MURIEL WILKINS: I think we’ve gotten to sort of the core of what you’re feeling in terms of this, did I fail or showing up and being perceived as having failed. If we take it outside of this situation have you felt like that in any other situations?
DENISE: Oh God. Yes. Exercising, my weight goals, and everything in-between, my past relationships. I mean, I look at, which part of it was my fault? Where did I fail? What could I have done differently? It’s always this constant state of improvement, which I find that can get off balance. I’m always evaluating things and saying, okay, what’s my joint accountability in what just happens? What’s my part in all of it? And how could I have done that better? That inner dialogue, it just spins per weeks as I try to evaluate, what could I have done differently? I replay conversations that I’ve had. I look at, now that we all have to be on Zoom, I’m like, did I have the attitude face? Was I doing the stunk eye? Did they see me roll my eyes because I think I missed it? Those are the other areas where I feel like I felt that way.
MURIEL WILKINS: This feeling of, did I fail or feeling like you failed, ultimately, where does that get you?
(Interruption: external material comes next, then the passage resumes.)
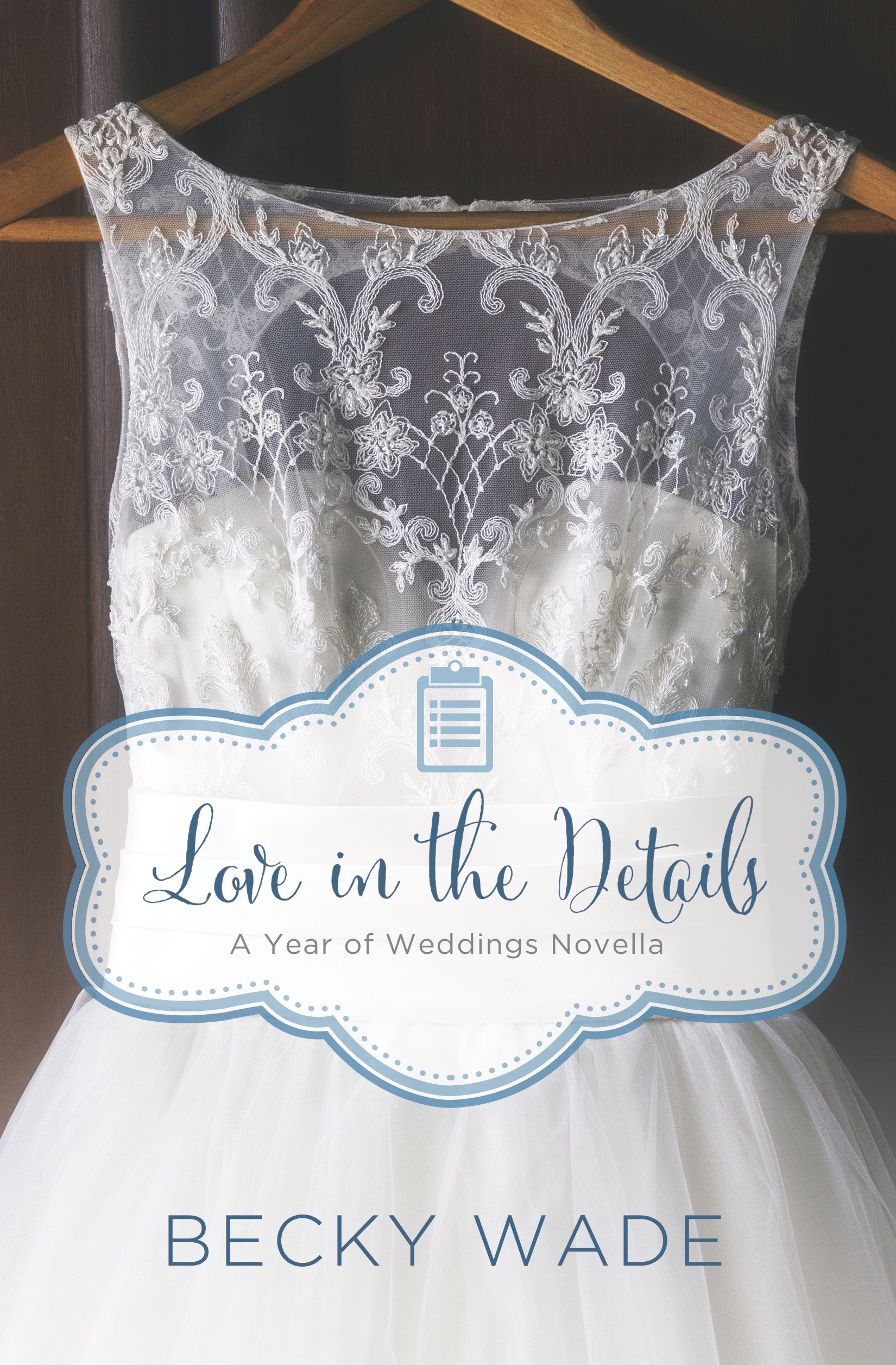 Love in the Details book cover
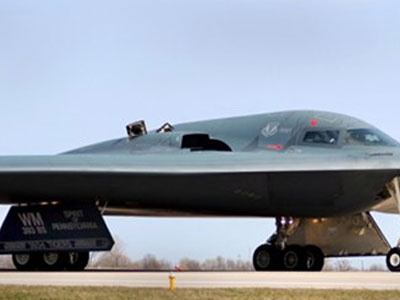 Mỹ bất ngờ đưa máy bay ném bom B-2 Spirit tới Anh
DENISE: For me, I feel that, by replaying that reel in my head that I will do something better the next time, like I would do things better next time. When we’re in a group meeting, for example, one of the constant feedbacks I would get early on in my career was that you are not shy about talking, but you may shut other people down in the room. Your presence, without you even realizing it, may be sensed by others as bulldozing, and I actually got that feedback. They’re like, “I just feel like you bulldozed the meeting and you don’t allow this to speak and you’re not listening.” I’m like, “Okay, let me …” I replay it in my head. I try to pull it all together for myself and I try to do better the next time. When I feel myself feeling, feeling those feelings in my heart and that sense that I’m like, I’m frustrated. I’m like, watch your tone, take a deep breath. I try to do those things because of the feedback I received before.
MURIEL WILKINS: Yeah. It sounds like it’s something you have faced before in terms of, it’s a familiar feeling, right? The familiar feeling is sending you this message of almost like red alert, red alert, red alert. You failed.
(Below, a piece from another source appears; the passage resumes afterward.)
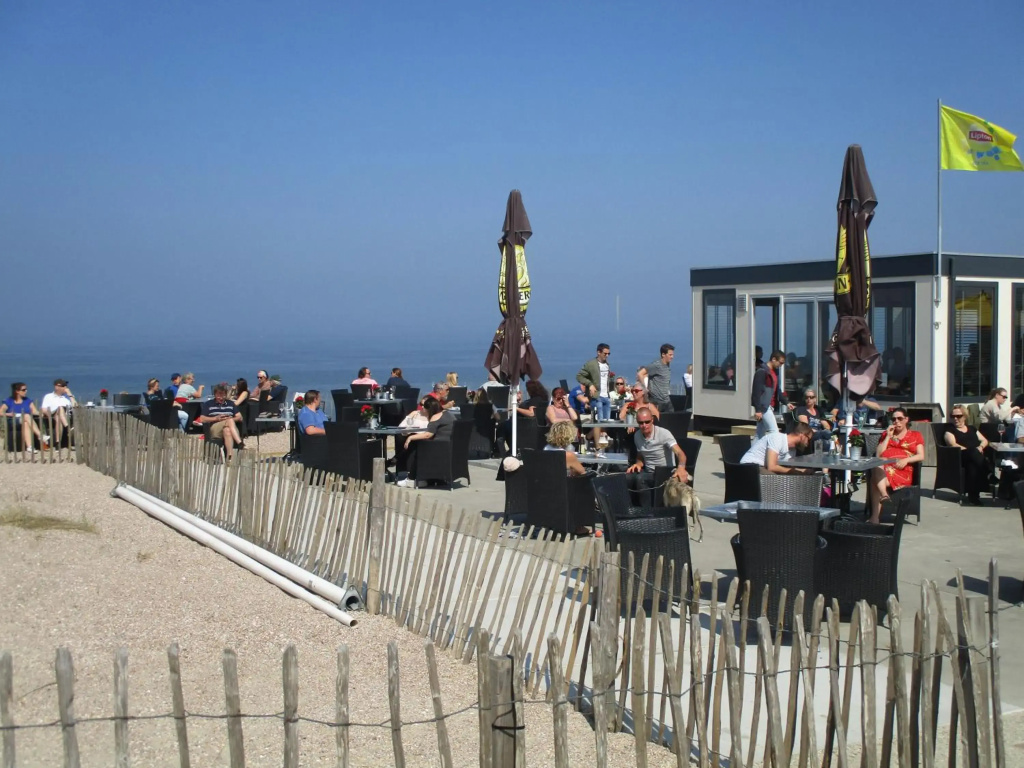 Comfortabel Vakantiehuis aan Zee én Méér !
DENISE: Defend, defend, defend.
MURIEL WILKINS: Then defend, defend, defend, but no, you failed, failed, failed, defend, defend, defend, but no, you failed, failed, failed. I’m getting tired saying it. But I guess I want to understand, have you been told that you have failed?
DENISE: No.
MURIEL WILKINS: Ever, ever, ever, ever, ever?
DENISE: Every.
MURIEL WILKINS: Okay. So, your interpretation of what’s happening is that you failed.
DENISE: Mm-hmm (affirmative).
MURIEL WILKINS: Failing means what in your mind? What is your definition of failure?
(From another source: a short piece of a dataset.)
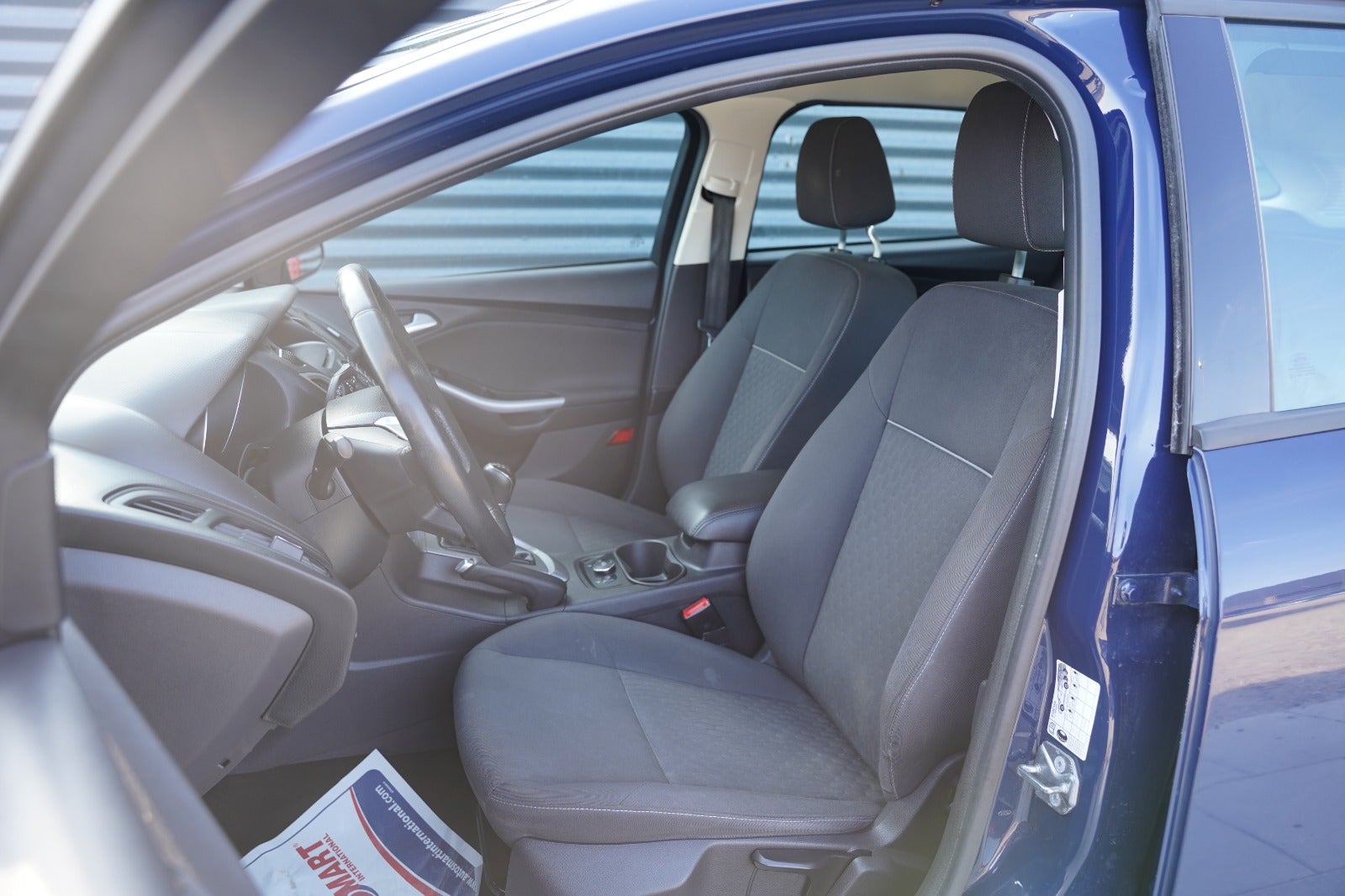 Billede af Ford Focus 1,0 SCTi 100 Trend stc. ECO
DENISE: Missing the mark. Not, and I hate to say this, because as I’m talking through it, I guess that’s why the coaching works, is that feeling that you weren’t perfect. That feeling that, and it was controllable. It’s controllable, my weight loss journey, to me, it’s controllable. I decide what I wanna put in my mouth. I decide how much I wanna exercise. When I communicate that, someone feels, listen, you did this, you did X, Y, Z, it’s controllable. That I bulldoze it, it’s controllable.
MURIEL WILKINS: And yet you didn’t do it is what you feel like. Yeah, and it makes you feel like you weren’t perfect. Where did this expectation about being perfect, where does that come from?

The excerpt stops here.